Anonymous police sources have originally claimed that Wilson was injured and taken to the hospital after the shooting, but initial reports about the injuries turned out to be false (as did a photo circulated by a Chicago firefighter). The police did not originally provide have not provided independent verification of the injuries.  It was confirmed later, however, that there was “bruising on Wilson’s jaw and scratches on his neck, the presence of Brown’s DNA on Wilson’s collar, shirt, and pants, and Wilson’s DNA on Brown’s palm.”

Commentators have also debated whether several additional facts are related to the shooting:

– Brown took cigars from a convenience store without paying about 10 minutes prior to the shooting.  He shoved the store clerk on his way out the door.  We know this fact because the police department released a video of these events (which, despite the police chief’s claims, the press and public did not ask for) the same day they released Wilson’s name (which the press and public did request).  Wilson almost certainly did not know about the robbery when he stopped Brown on the street.  Wilson’s radio transmissions confirm that he received a dispatch call about the robbery and had a description of Brown when he first encountered him.

– Brown had marijuana in his system when he was shot (this information was released by an anonymous source and not in response to a specific request).  Marijuana can remain in a person’s system for over a month and there is no legitimate evidence linking marijuana use to violent behavior.

– The Ferguson police force has a (probably very long) history of unprovoked attacks on black people in the community.

Finally, the following facts relate to the protests in Ferguson immediately following the shooting:

– Across the country, numerous black citizens have been shot and killed by white police officers under suspicious circumstances.

– Unarmed black teens Trayvon Martin and Jordan Davis have also been killed by white citizens in recent years.  Mostlywhite juries failed to convict the offending citizens of murder (Mike Dunn, Davis’s killer, was found guilty of multiple counts of attempted murder, while George Zimmerman, who killed Martin, was acquitted).

Most protests were entirely peaceful, but a small percentage of people threw molotov cocktails and looted local stores.

– The Ferguson police, wearing military attire and sporting intense assault weapons, pointed guns at and used tear gas and other violent crowd control tactics on peaceful protesters.
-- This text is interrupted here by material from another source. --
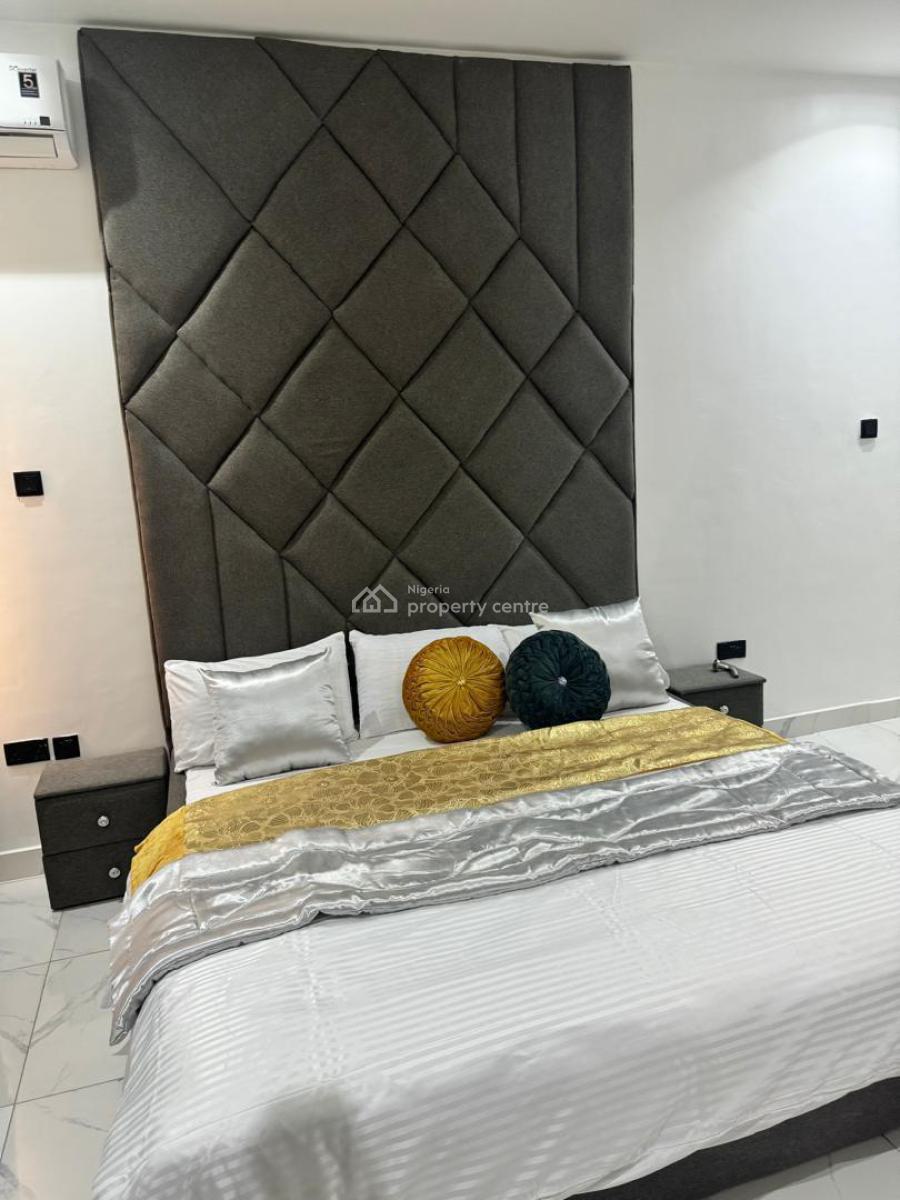 Fully Furnished Serviced 3 Bedrooms Apartment Upstairs, Lekki Phase 1, Lekki, Lagos, Flat / Apartment for Rent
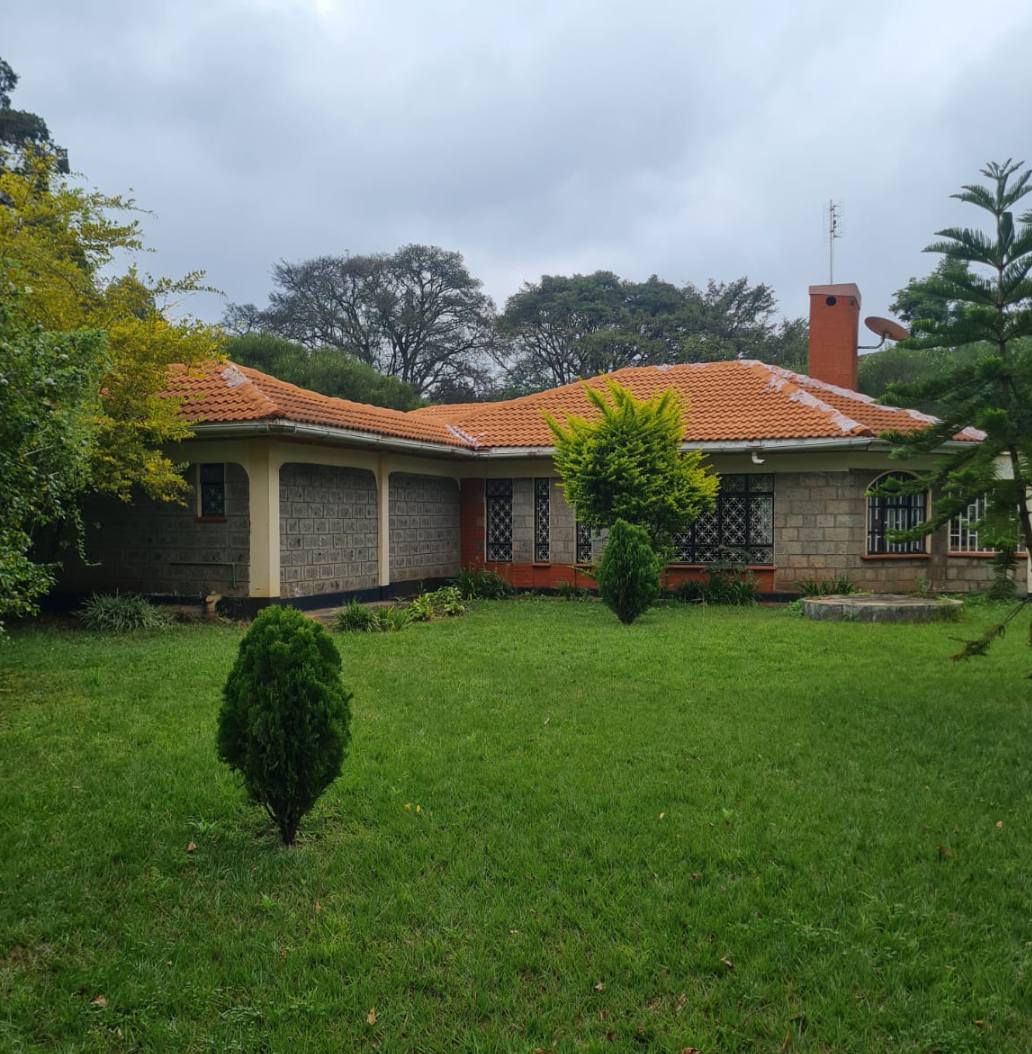 Elegant 4 Bedroom Bungalow All Ensuite  with DSQ For Sale in Karen Near The Hub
– There is a clear pattern of racial profiling in Ferguson.  About 67% of Ferguson citizens are black, but black people comprise less than 6% of the Ferguson police force.  Over 85% of police stops and arrests are for black people.  Some police lieutenants in Missouri have been caught ordering indiscriminate harassment of black citizens.

– The city of Ferguson makes considerable revenue by routinely fining poor black people for minor offenses (like driving with a suspended license).  When they can’t pay, these citizens often spend time in prison.

These facts can help us categorize more evidence-based viewpoints:

Viewpoint D (privilege-defending): We’ll never know exactly what happened when Michael Brown got shot, and we must remember that police work is difficult and dangerous.  Our police officers need to be able to use their judgment when they feel threatened.  Michael Brown was clearly violent, as can be demonstrated in the video of him robbing a convenience store and the forensic evidence indicating a struggle with Wilson, and he was also probably high.  There isn’t anywhere near enough evidence to convict Darren Wilson, and it is a concern that black people on the jury might show racial solidarity instead of looking at the evidence.

The black community’s rioting and looting also necessitated police action.  Citizens who don’t want to experience police violence should avoid doing anything that appears unlawful and/or dangerous.  Nothing is wrong with our police system.

Viewpoint E (partially privilege-defending): The circumstances of Brown’s death look suspicious.  The police department certainly should have released its report sooner, so it’s hard to trust them over eyewitness accounts.  At the same time, the main eyewitness was a friend of Brown’s and the community is more likely to side with Brown than with the police.  Additionally, the fact that Brown and Wilson were engaged in a physical struggle before the fatal shot robbed a convenience store beforehand, shoving and intimidating the store clerk, suggests that Wilson had good reason to fear Brown.

The racial disparities in Ferguson are definitely something to look into, but police also probably don’t pull people over for no reason at all.  And while the police used excessive violence in some cases, the rioting and looting of black citizens was a large part of the escalation of the situation.  The citizens in Ferguson and the police must both reflect on their behavior.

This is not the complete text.